KeywordsSudden commencement Extreme solar wind event MHD simulation Magnetosphere
Sudden commencement (SC) is defined by a distinct variation in the horizontal component of the magnetic field on the ground, which is caused by a rapid increase in the solar wind dynamic pressure. SC shows a prominent bipolar change at auroral latitudes, in which the first variation is called the preliminary impulse (PI) and the second variation is called the main impulse (MI) (Araki 1994). On the other hand, SC shows a prominent stepwise increase at low and middle latitudes, which is called a disturbance dominant at low latitudes (DL) (Araki 1994). The PI/MI variations are caused by a field-aligned current (FAC) generated in the dayside magnetosphere (Fujita et al. 2003a, b). The DL variation is caused by compression of the magnetosphere. It is well known that the amplitude of a DL is determined by the solar wind dynamic pressure (Siscoe et al. 1968).
These rapid magnetic field variations could give rise to large power blackouts because the current induced by these magnetic field variations, which is called a geomagnetically induced current (GIC), may damage electric power stations. On 13 March 1989, for example, the power blackout of the Hydro-Quebec system in Canada was attributed to an intense geomagnetic storm (Kappenman 2001). On 30 October 2003, a power blackout of a high-voltage transmission system occurred in southern Sweden during a space storm (Pulkkinen et al. 2005). A crucial task in the study of space weather is to predict and estimate the risk from GICs.

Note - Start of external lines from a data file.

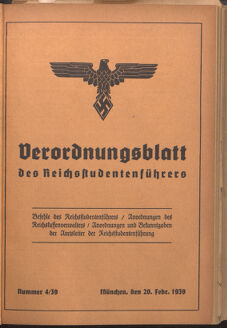 Verordnungsblatt des Reichsstudentenführers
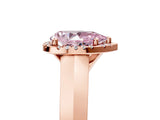 Rose gold Fancy Pink Pear  Halo Diamond Ring with Cathedral Band and Four-Prong Setting_53
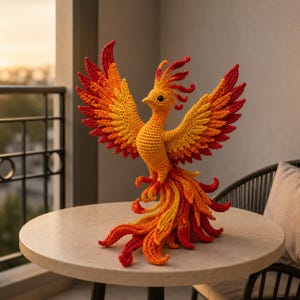 May include: A crocheted phoenix figurine featuring vibrant gradient yarn in shades of yellow, orange, and red. The mythical bird is depicted with wings fully spread, a detailed crest on its head, and a long, flowing tail with curled feather tips.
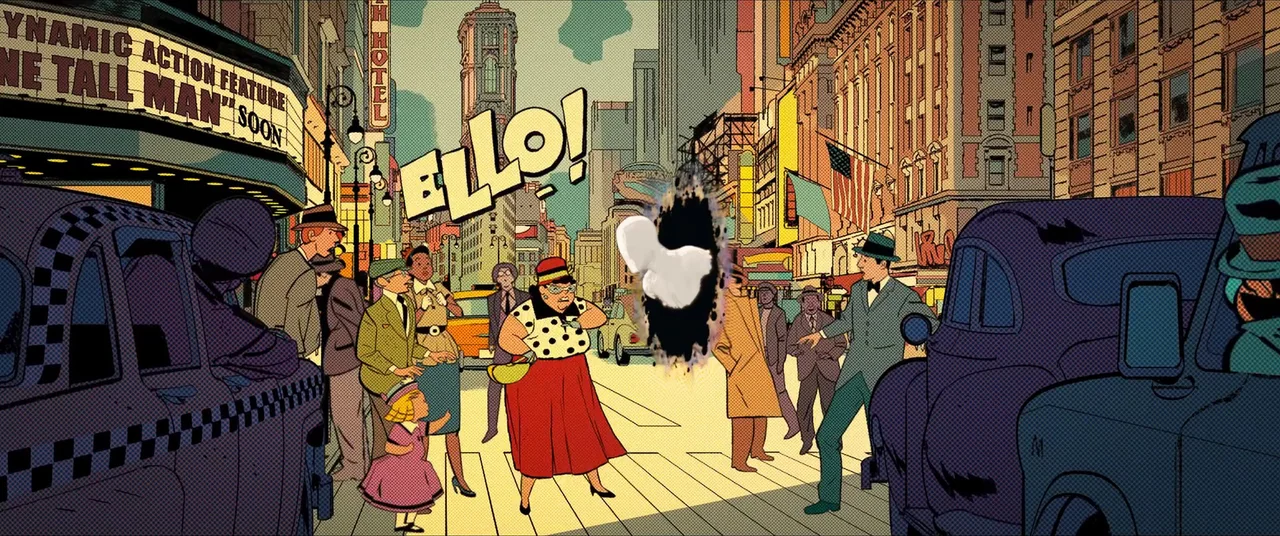 Spider-Man: Across the Spider-Verse (2023) movie still: wide — A bustling 1940s city intersection features a movie theater and vintage vehicles. A…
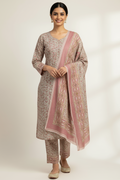 Elegant Pink and Beige Block Print Suit with Geometric Pattern Dupatta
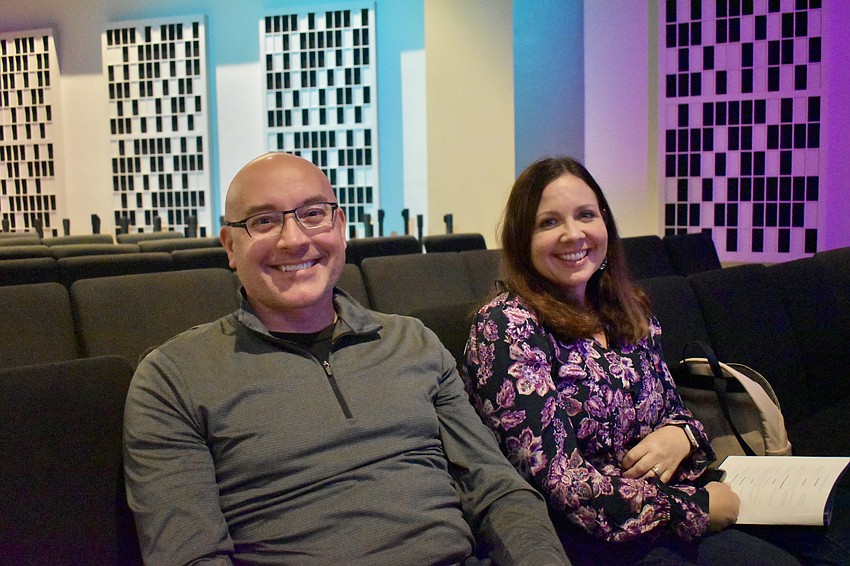 Brian and Rebecca Roman are in the audience to watch their daughter Kaitlyn perform. Kaitlyn Roman is in 11th grade and plays the viola.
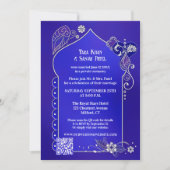 Invitation Photo Indigo Blue Silver Henna après le Mariage (Devant)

Araki et al. (1997) reported an SC with an anomalously large amplitude on 24 March 1991. An amplitude of more than 200 nT and a rise time of 30 s were observed at Kakioka Magnetic Observatory (geomagnetic latitude = 26.6° N). A geosynchronous magnetopause crossing (GMC) event occurred at the same time, where the magnetopause entered inside the geostationary orbit. In addition, Araki (2014) investigated the other SC with an anomalously large amplitude observed at Kakioka for the period 1924 and 2013 and Colaba-Alibag for 1868 to 1967. The anomalous SC had different features from ordinary SC events. The waveform of the low-latitude ground-based magnetometer signal was not stepwise like that of a DL, but it was an unusually spiky waveform similar to the PI/MI variations typically observed at auroral latitudes. The rise time of the anomalous SC of only 30 s was several times shorter than that of ordinary SCs. Araki et al. (2004) investigated the relationship between the amplitude and rise time of a DL using nighttime data at Guam. They showed that the amplitude and rise time of a DL have a negative correlation. They assumed that the rise time is determined by the passage time of the solar wind discontinuity across an effective length in the magnetosphere, which was estimated to be ~30 Re (Re denotes earth radius). If the effective length was also 30 Re in the anomalous SC, the solar wind speed would need to be 6000 km/s to explain the short rise time of 30 s. Such a high-speed solar wind velocity has never been observed and may not be realistic. An alternative explanation would be that the anomalous SC included the magnetic field variation of the PI in addition to the DL variation, even at low latitudes, since the rise time of the PI variation is typically shorter than that of the DL variation.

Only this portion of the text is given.